“The abandonment and sufferings of the Servant of the Lord, even unto death, prove so fruitful that they bring redemption and salvation to many.”
When I was a little, I was the most kind and unassuming boy. Just ask my mom. During my junior year of high school, an adult took advantage of my kindness and broke my willingness to give people the benefit of the doubt. It was not really a big deal at all, but in high school everything’s a big deal. The lasting ramification for me was a slightly calcified heart and a strong commitment never to let anyone take advantage of me again. So last week when it happened, I was enraged. I trusted. I went against my gut and gave more then I should have and I was left holding the bag. “Shame on you Dan," I thought, taken advantage of again. A coworker could tell I was in a spot and suggested I pay a visit to adoration. When I went to open the church door, it was locked. My eyes rolled in self-righteous pity and I tugged on the locked door again to convey my anger. As the rattle of the church door shook through my arm, the message from the Lord that shook my heart was “it’s not nearly enough.”
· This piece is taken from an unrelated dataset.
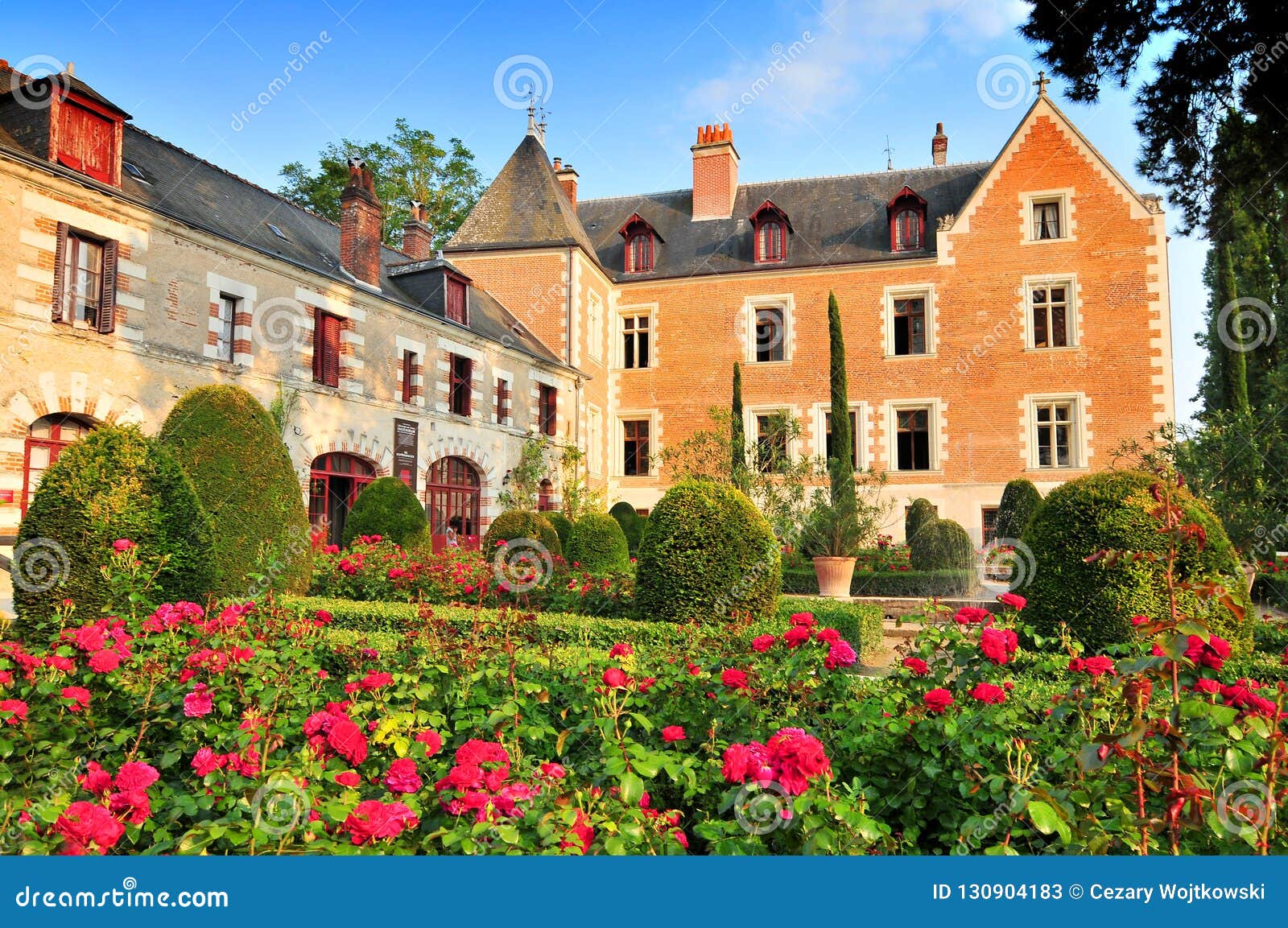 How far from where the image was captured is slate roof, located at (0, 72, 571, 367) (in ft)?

In leadership and life we think one of the worst things is to be “taken advantage of”, having your kindness manipulated, your best intentions selfishly used for another’s gain, to have whatever is yours not respected or valued. But as Catholic leaders, is it really the worst thing? Isn’t it actually what we were made for – to be poured out for others until we are empty and completely available for our Lord? What came to me in prayer, as I sat silently outside my locked church, was not to grow tougher or harder, but to give more. I’d like to say my parking lot revelation has resulted in relegating high school Dan back into the yearbook. As we know from the story of the rich young man, it’s not just what you do for the Lord that matters, it’s what you give up for Him that matters even more.